Exercise instructions: Only one stretch of the listing below is wanted. Give it again exactly, from the line with "Mercedes-Benz A-Klasse 160" through the line with "2602 Alps Rd, Louisville, KY 40216".

Input data:
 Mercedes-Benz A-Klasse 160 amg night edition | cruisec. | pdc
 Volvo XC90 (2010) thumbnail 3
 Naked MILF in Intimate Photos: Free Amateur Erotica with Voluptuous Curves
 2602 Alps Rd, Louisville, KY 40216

--

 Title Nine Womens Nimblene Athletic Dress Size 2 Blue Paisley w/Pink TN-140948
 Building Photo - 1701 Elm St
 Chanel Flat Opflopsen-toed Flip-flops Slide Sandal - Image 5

Exercise result:
 Mercedes-Benz A-Klasse 160 amg night edition | cruisec. | pdc
 Volvo XC90 (2010) thumbnail 3
 Naked MILF in Intimate Photos: Free Amateur Erotica with Voluptuous Curves
 2602 Alps Rd, Louisville, KY 40216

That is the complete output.